Monday, April 16, 2012

Sri Lanka mail use drops

Apr 15, 2012 (LBO) - Sri Lanka has seen a steep drop in the use mail in 2011, while telecom services continued to expand, increasing losses of a state-run postal service, official data showed.
Central Bank data showed that letters per inhabitant dropped to 33.3 percent to 12 in 2011 from 18 a year earlier. Per capita letter use also dropped 10 percent in 2010 over 2009.
It was not clear whether per capita mail included business mail carried by courier services run by the people themselves.



The Department of Posts lost 4.6 billion rupees in 2011, up from 3.0 billion rupees a year earlier, with revenue dropping 27 percent to 3.2 billion rupees.

Meanwhile expenditure had increased 5.7 percent to 7.7 billion rupees.

"Hence, it is important for DOP to continue with the efforts taken to generate other sources of income and vigorously follow cost rationalization methods to transform itself to a self- financing venture," the Central Bank said.
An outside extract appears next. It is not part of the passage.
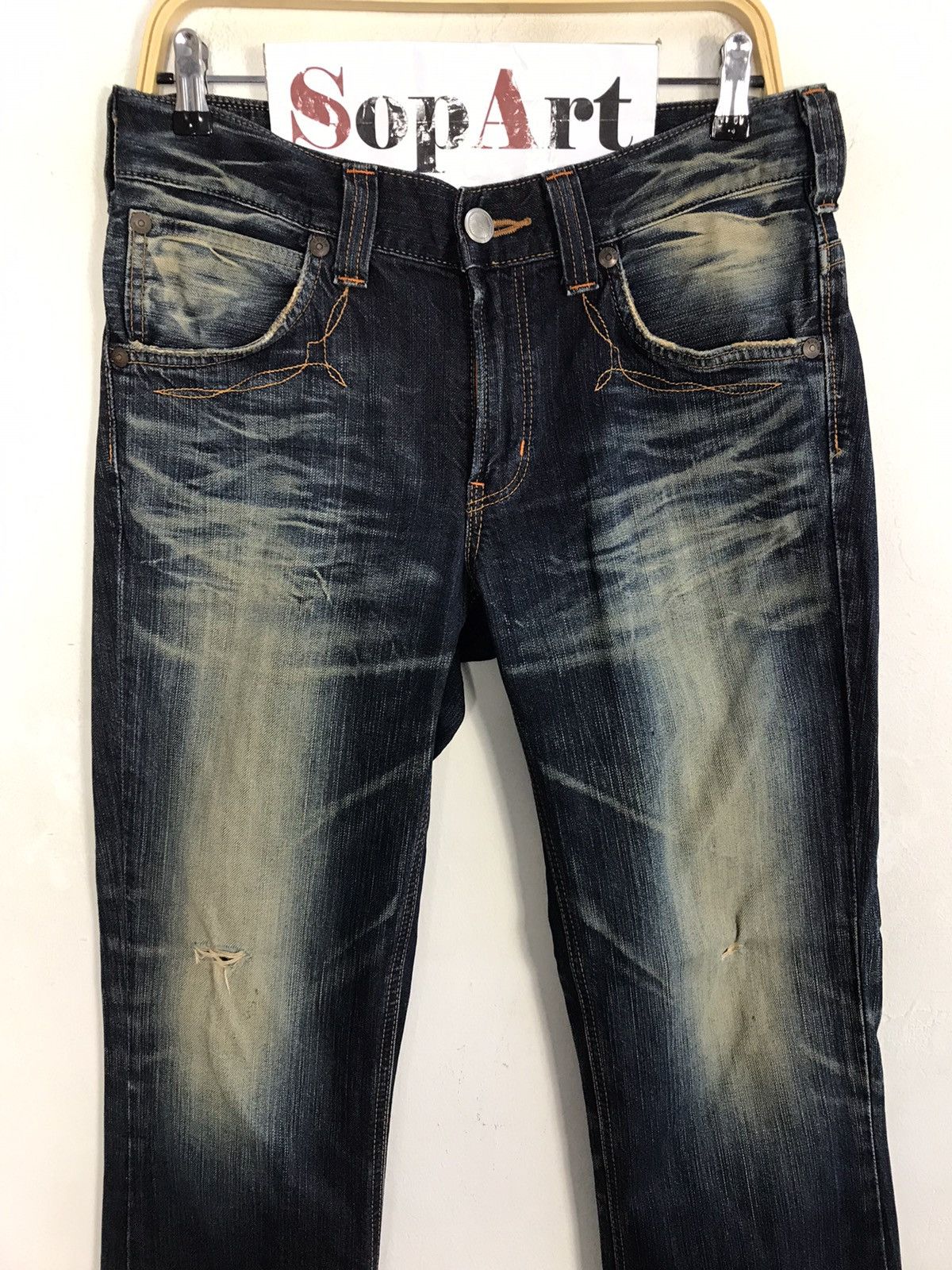 Edwin × Vintage Vintage Edwin Distressed Denim Back Side Leather Style Size US 31 - 4 Thumbnail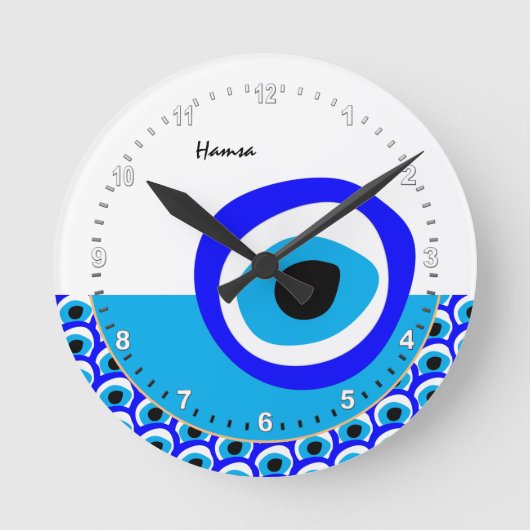 Talisman & Evil Eye Amulet, Turks / Arabisch wit Ronde Klok (Voorkant)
"The initiatives taken by the DOP to provide additional revenue generating services such as banking facilities and pre-paid phone cards, International Emergency Mail Services and Western Union Money Transfer services continued in 2011."

Sri Lanka has 4,742 post offices, with 4,058 run by the state and 463 post office and 156 rural agency post offices run on an agency basis by citizens.
While mail use dropped, telephone density rose to 105.1 lines per 100 persons from 100.7 a year earlier. Mobile phones rose 6.1 percent to 18.319 million and fixed lines rose 2.9 percent to 942,000.

Sri Lanka's telecom use exploded from the mid 1990s after a state monopoly was broken and competition was allowed. Enterprises owned by citizens and non-citizens invested in the sector and started to provide telecom services.